2

I have two asynchronous sequences that I want to "zip" in pairs, and for this purpose I used the Zip operator from the System.Linq.Async package. This operator behaves in an undesirable way though, at least for my case. Instead of enumerating the two sequences concurrently, it enumerates them sequentially, with the result being that the latency is added up. Each of my sequences emits an element every one second on average, and I expected that the combined sequence would also emit zipped pairs every one second, but in reality I get one pair every 2 seconds.
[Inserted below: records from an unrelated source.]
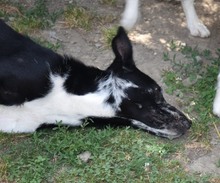 MADY, Hund, Mischlingshund in Kroatien - Bild 5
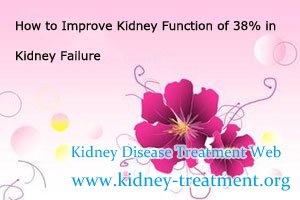 How to Improve Kidney Function of 38% in Kidney Failure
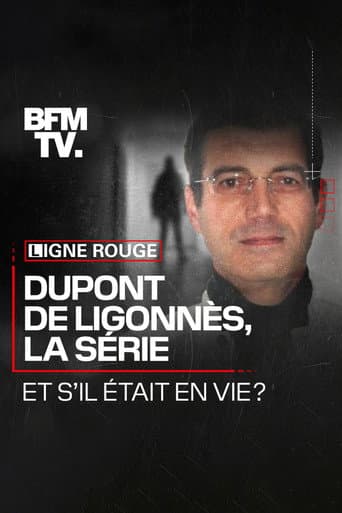Dupont de Ligonnès, la série afişi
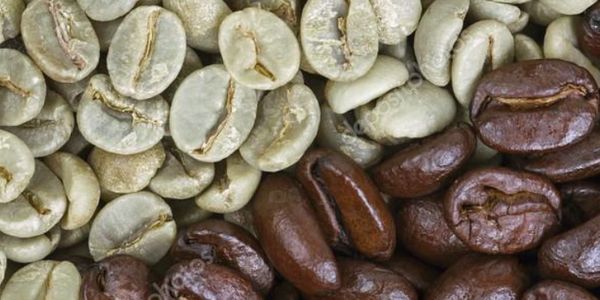 Green and roasted coffee beans side by side.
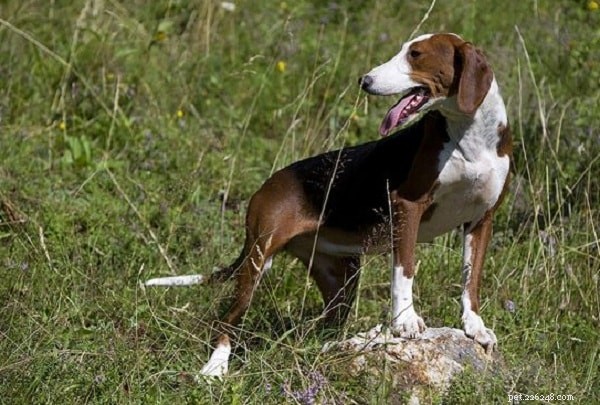 セルビアントライコロールハウンド犬の品種情報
Below is a minimal example that demonstrates this behavior:

static async IAsyncEnumerable<int> First()
{
    for (int i = 1; i <= 5; i++) { await Task.Delay(1000); yield return i; }
}

static async IAsyncEnumerable<int> Second()
{
    for (int i = 1; i <= 5; i++) { await Task.Delay(1000); yield return i; }
}

var stopwatch = Stopwatch.StartNew();
await foreach (var pair in First().Zip(Second()))
    Console.WriteLine(pair);
Console.WriteLine($"Duration: {stopwatch.ElapsedMilliseconds:#,0} msec");

Output:

(1, 1)
(2, 2)
(3, 3)
(4, 4)
(5, 5)
Duration: 10,155 msec

Try it on Fiddle.

Is there any way that I can Zip these two sequences in a way that the program completes in 5 seconds instead of 10? I am interested about a custom operator, or about a combination of operators from the official packages, that has the desirable behavior.

Theodor Zoulias
  • 34,835
  • 7
  • 69
  • 104

1 Answers1

4

Something like this appears to work:

public static async IAsyncEnumerable<(TFirst, TSecond)> Zip<TFirst, TSecond>(this IAsyncEnumerable<TFirst> first, IAsyncEnumerable<TSecond> second)
{
    await using var e1 = first.GetAsyncEnumerator();    
    await using var e2 = second.GetAsyncEnumerator();
    
    while (true)
    {
        var t1 = e1.MoveNextAsync().AsTask();
        var t2 = e2.MoveNextAsync().AsTask();
        await Task.WhenAll(t1, t2);
        
        if (!t1.Result || !t2.Result)
            yield break;
        
        yield return (e1.Current, e2.Current);
    }
}

See it on dotnetfiddle.net.

Of course, this misses things like null checks, so could do with some improvements: that's left as an excercise for the reader.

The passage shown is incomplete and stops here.